Nobody wants to pay more income tax.
Nobody wants to pay more property tax.
Nobody wants to pay more sales tax.
Nobody wants to pay more for anything.
So how do you increase taxes by billions of dollars? Camouflage.
What Minnesotans are seeing — but maybe looking right past — this winter is one of the greatest tax increase camouflage jobs ever. Gov. Mark Dayton has proposed to increase state sales tax revenues by more than $2 billion, but wrapped the increase up so cleverly that it looks on the surface like a decrease.
The first layer of camouflage is the governor’s proposal to reduce the state’s basic sales tax rate from 6.875 percent to 5.5 percent.

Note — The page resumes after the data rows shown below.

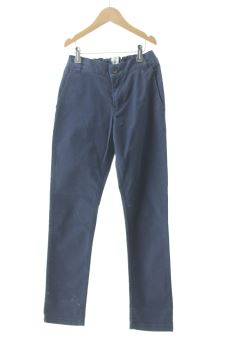 Lange Jeans 152 Hugo boss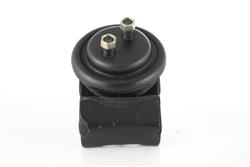 Pioneer Automotive Motor Mounts for 1989-1993 B2600 - 606467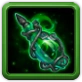 Uncommon Artifact Essence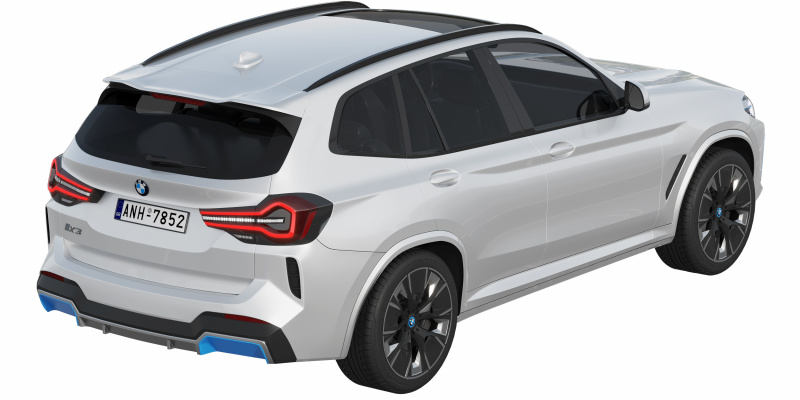 bmw_ix3_20229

This sounds pretty good, even though the plan also calls for taxing almost every sort of service, from hair cuts to accounting to YMCA memberships.
Most Minnesotans probably figure they come out OK with this plan. And the governor has been working hard to reinforce that assumption. The Department of Revenue has put out a graphic showing simulated sales receipts that suggest a typical shopping trip would actually cost consumers less under the governor’s plan.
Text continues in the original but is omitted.